If you've read my last few posts, you know that the current star of my garden is Rudbeckia triloba, also known as Brown-eyed Susan. In fact, it's pretty hard to miss as it's taken over the front of the Lily Bed as well as parts of the Butterfly Garden. A volunteer that mysteriously appeared in my garden a few years ago, it has made itself quite at home here. But you can never have too many Susans, right?
Joe-Pye weed is still hanging on at the back of the butterfly garden. As I've mentioned before, this is definitely the native species of Eutrochium purpureum because the stems are green, not purplish, and the flowerheads not as showy a pink as many of the other types.
'Little Joe,' however, has much prettier flowers and the dark purple stems that I love. I'd like to plant more of the taller Joes with this coloring at the back of the butterfly garden, but first I have to contend with the semi-thugs that have taken up residence there . . .
. . . the Obedient Plants. I have a love-hate relationship with this plant: I hate its aggressiveness and pull out numerous seedlings in the spring, but in the fall I love these white, pink, and purple blooms.
I noticed today that the pinkish blossoms actually have freckles and remind me of foxglove blooms. Since I have never had much luck with foxgloves in my garden, perhaps I should change my attitude and think of these as the poor-man's foxglove.
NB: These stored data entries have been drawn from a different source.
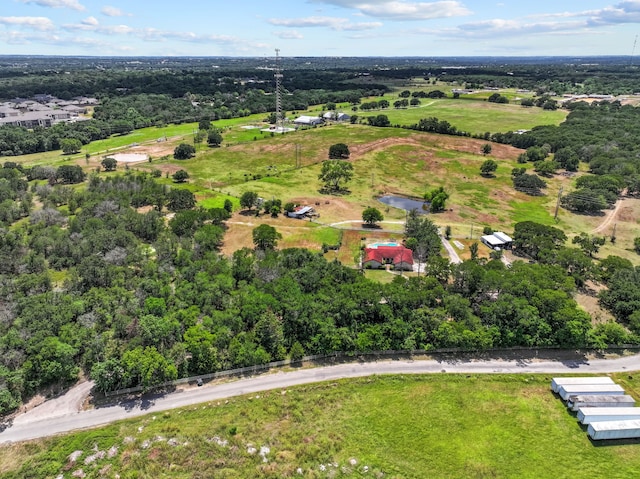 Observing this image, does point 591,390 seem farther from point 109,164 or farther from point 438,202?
point 109,164

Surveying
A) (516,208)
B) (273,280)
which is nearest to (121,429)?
(273,280)

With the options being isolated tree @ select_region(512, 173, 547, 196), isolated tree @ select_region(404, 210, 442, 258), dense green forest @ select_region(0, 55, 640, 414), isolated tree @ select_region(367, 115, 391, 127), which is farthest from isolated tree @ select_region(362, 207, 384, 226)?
isolated tree @ select_region(367, 115, 391, 127)

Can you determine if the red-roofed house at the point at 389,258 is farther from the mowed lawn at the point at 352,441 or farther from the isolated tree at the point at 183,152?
the isolated tree at the point at 183,152

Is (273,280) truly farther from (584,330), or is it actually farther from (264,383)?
(584,330)

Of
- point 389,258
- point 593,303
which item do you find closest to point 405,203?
point 389,258

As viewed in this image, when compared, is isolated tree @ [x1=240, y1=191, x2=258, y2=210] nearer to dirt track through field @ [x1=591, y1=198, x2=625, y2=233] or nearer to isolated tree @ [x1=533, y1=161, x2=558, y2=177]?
dirt track through field @ [x1=591, y1=198, x2=625, y2=233]

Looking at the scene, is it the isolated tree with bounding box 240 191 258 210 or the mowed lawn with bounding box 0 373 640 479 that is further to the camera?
the isolated tree with bounding box 240 191 258 210

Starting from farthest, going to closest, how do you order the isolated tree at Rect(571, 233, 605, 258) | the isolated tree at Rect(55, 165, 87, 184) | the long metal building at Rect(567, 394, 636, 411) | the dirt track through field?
the isolated tree at Rect(55, 165, 87, 184)
the dirt track through field
the isolated tree at Rect(571, 233, 605, 258)
the long metal building at Rect(567, 394, 636, 411) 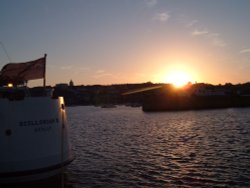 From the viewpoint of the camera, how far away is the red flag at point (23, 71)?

The bees like them, no matter their name.
Although I have planted more natives over the past few years, the most prominent and prolific ones seem to be the ones I didn't plant. Common Evening Primrose Oenothera biennis is one of those mystery plants that suddenly appear in my garden and I allow to let grow because I'm not sure if it's a weed or something I actually planted and forgot about.
At 6-7 feet tall, it's hard to ignore. The flowers remain open from evening till morning, but might also stay open on a cloudy day.
Despite its classification as a "Prairie Wildflower" by the Illinois Wildflowers website, I'd classify it as a weedy wildflower. It has a long taproot, which explains why my efforts to eradicate it have been unsuccessful. Still, these pretty little yellow flowers are rather attractive, and they do attract moths and the occasional hummingbird and bees, so I guess they're not all bad.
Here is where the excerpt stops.